The other part of the flip flop is elsewhere on the table.











Inside the tank you can see the diode, resistor and hot melt glue.










This was one of my easier projects. 

By the way, Radio Shack sells a blinking LED. I put one in for kicks. It did work, but since it was red, it wasn't as bright as the white one I used.

I put interior lights in 4 vehicles this weekend. I have some parts on order. Some day, the interior lights will go off via a timer as other headlights go on. 

My train working time is coming to an end as the weather gets warmer and I spend more time outside.


----------



## sjm9911 (Dec 20, 2012)

Dave, nice water tower and nice job. I can't tell where you ran the wires from the pic. I think that because you know where they are they stick out for you. I dont notice them at all. Could you gI've me a little info about the led, diode, resistor, etc. I never had the chance to work with such thi ngs. What is the wattage of the lcd.
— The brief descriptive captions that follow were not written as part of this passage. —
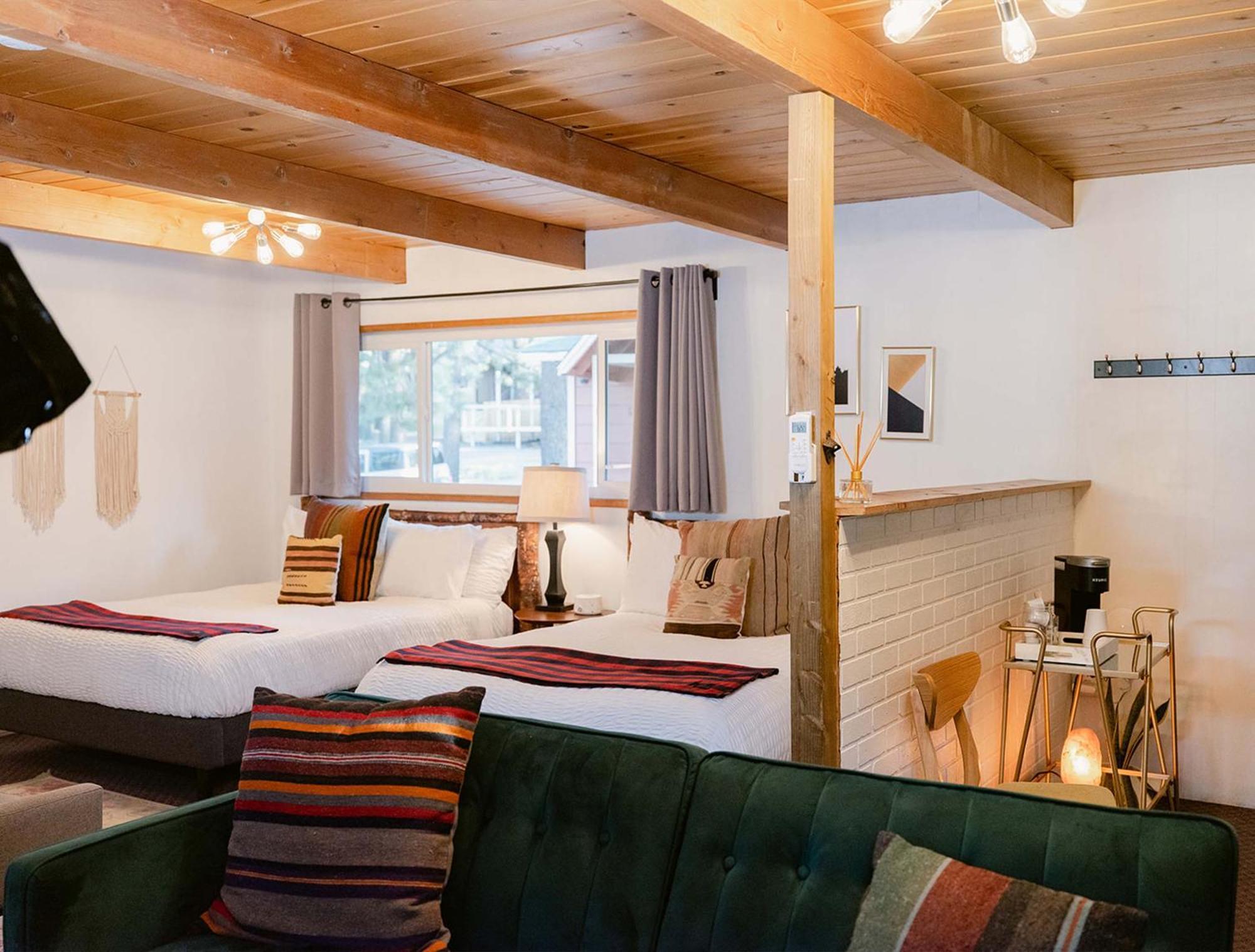 Grand Pine Cabins Wrightwood Luaran gambar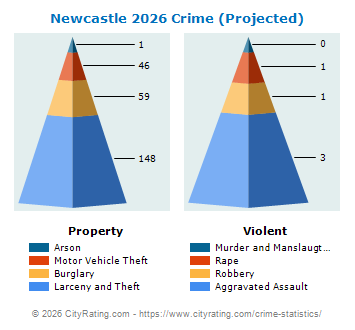 Newcastle Crime 2026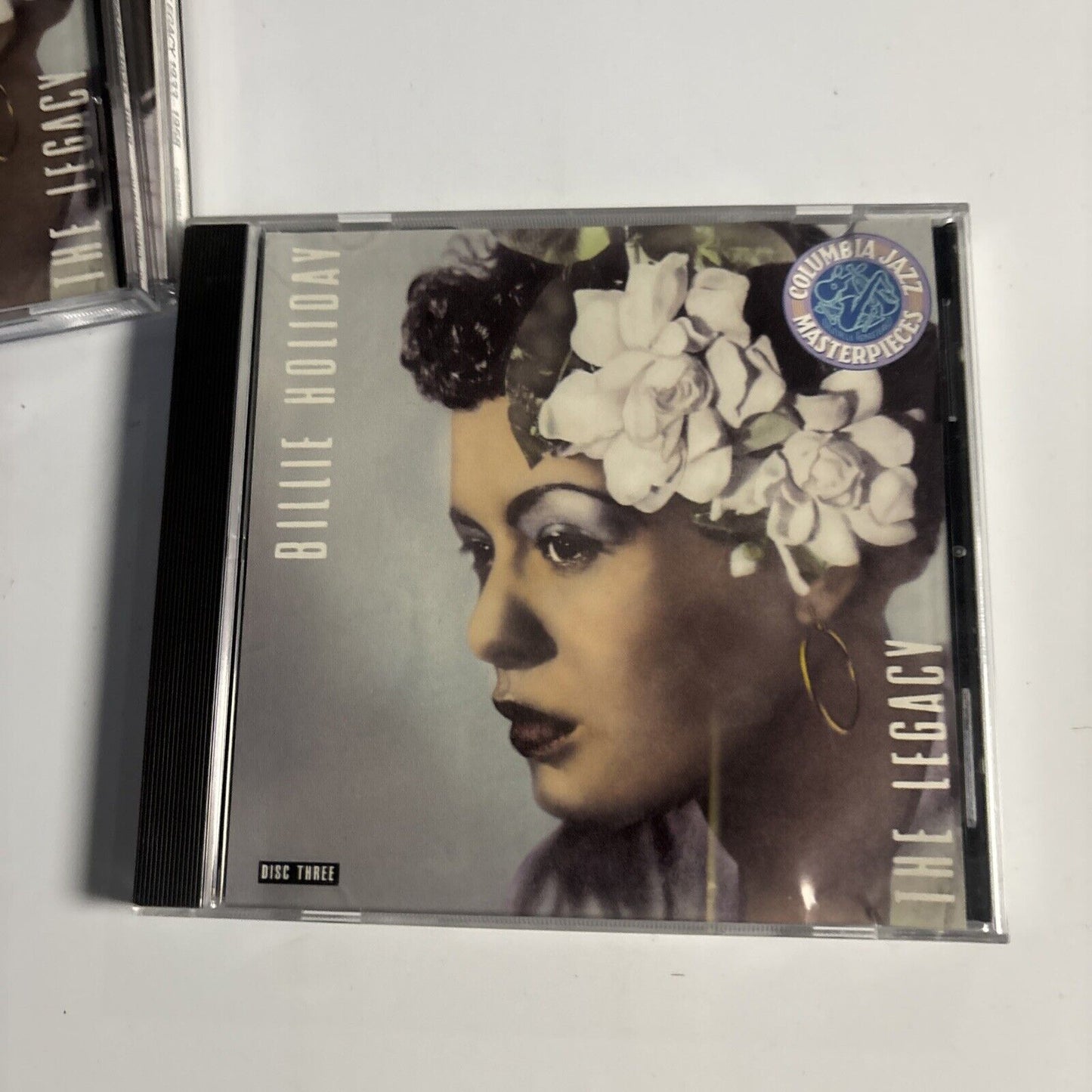 Billie Holiday – The Legacy (1933-1958) (CD, 1958)  c3k-47724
How the resistor works. What voltage is powering it , etc. Kind of like a guide for dummies (me!). Thanks. I also like the old school tower look.


----------



## Big Mike (Dec 2, 2011)

Looks good ,I like it ,good job!!...........Mike :thumbsup:


----------



## T-Man (May 16, 2008)

Hot glue works, but a Silicone RTV will peel off when needed. Thanks for the idea! :thumbsup:


----------



## Dave Sams (Nov 24, 2010)

In some cases, hot melt will pop right off if you pry hard enough.

I use an old low watt soldering iron to remove some hot melt glue. 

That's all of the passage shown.